Journalism from the center of the world

Raimunda Tutanguira, one of the creators of the comic strip Guariba, holding the stem of a one-year-old sumaúma—kapok tree—in her yard. Photo: Lela Beltrão/SUMAÚMA

SUMAÚMA – Journalism from the Center of the World is celebrating its first birthday.

We who have sown and watered SUMAÚMA—and have been sown and watered by this journalism platform named after the Amazon’s majestic kapok tree—are endlessly reminding ourselves that we are now one year old, yet it still seems unreal. It wasn’t a year; it was a vortex. And when I say “we,” I also mean each and every one of you, because this tiny tree wouldn’t exist without your support. And it won’t grow without your support. That is not a rhetorical statement; it is one of the truths that sustain us in our daily lives. SUMAÚMA only exists because our readers believe SUMAÚMA must exist. And right now, broadening this support is what will determine the continuity of our struggle in the field of journalism. Either SUMAÚMA has a community of readers that sustains it, or we will become a memory, a blip in the middle of a war.

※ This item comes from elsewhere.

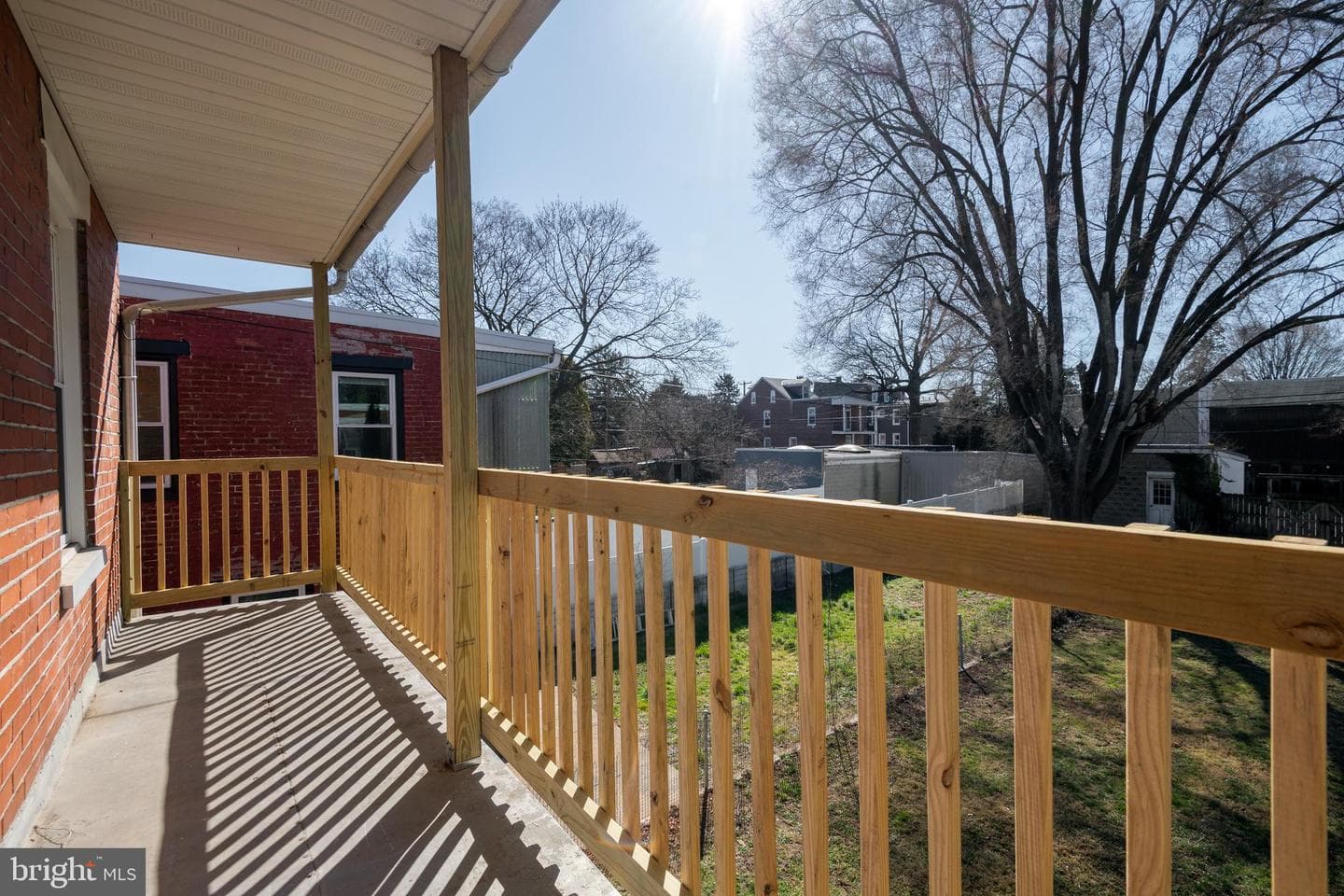 438 E Ross Street photo 22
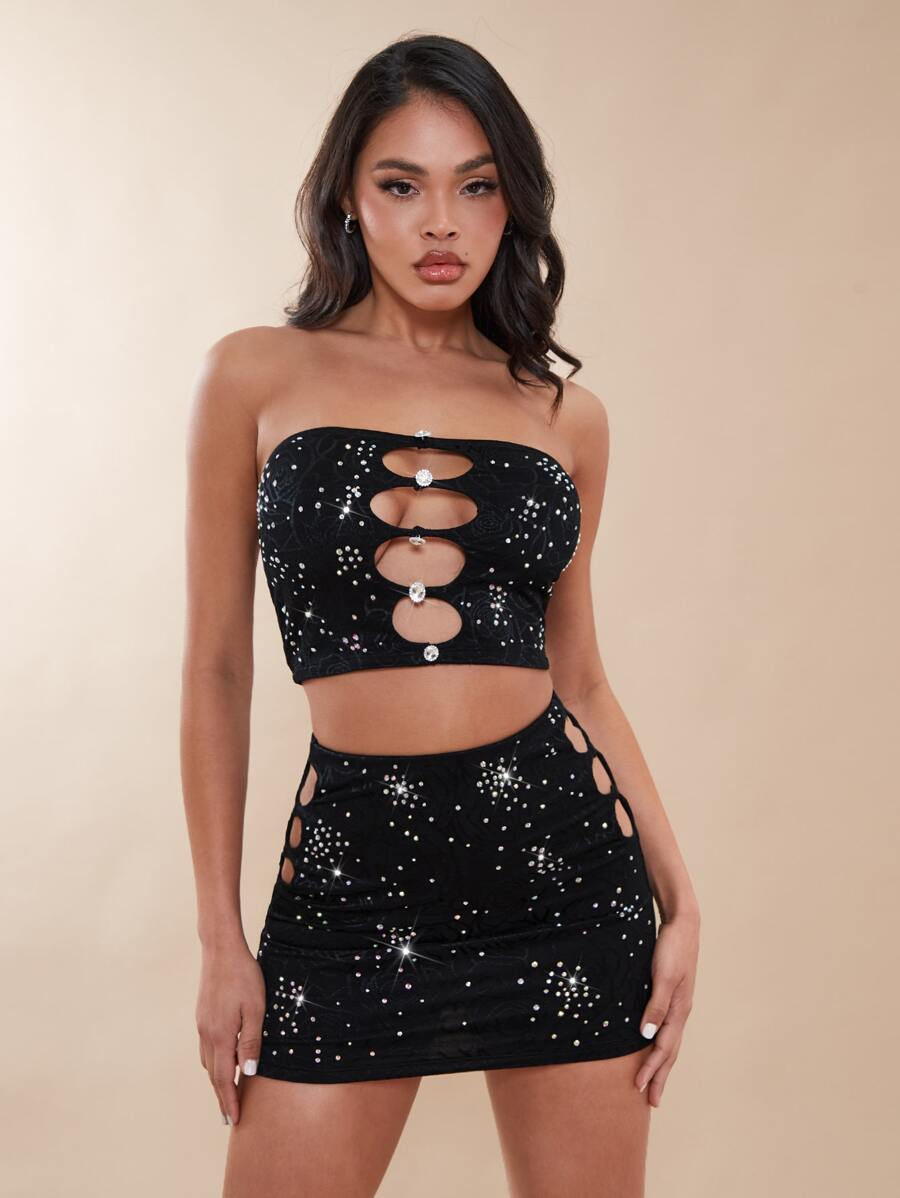 SHEIN BAE 水鑽鏤空抹胸上衣和包臀半身裙 - 黑色 - 查看 1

We launched our trilingual platform from the Amazon almost two months before the runoffs in Brazil’s most important election cycle ever. That is no exaggeration. If far-right president Jair Bolsonaro had been reelected, he would have finished his thorough erosion of rights won over decades, completed his destruction of the institutions he had relentlessly attacked, and advanced with even greater ferocity into the forest and other biomes, putting more private property into non-Indigenous hands and opening protected areas to uncontrolled mining. Bolsonaro would not only have encouraged crime, as he did during his four years in office; he would have legalized it. Indigenous genocide would have effectively become public policy. And all this would have happened at a time when the continuity of our and other species depends directly on nature.

Bolsonaro’s re-election would have represented a defeat over life on a planet whose climate is mutating, with severe repercussions for the whole world—because we are interdependent. At that moment, the forest was burning. This was the context in which we dreamed of SUMAÚMA and then sowed our kapok tree. And this is why we launched our trilingual platform even before we had the structure to do so, with a team of only five journalists, because we wanted to influence—small as we were—what was to come. We have managed to do our part.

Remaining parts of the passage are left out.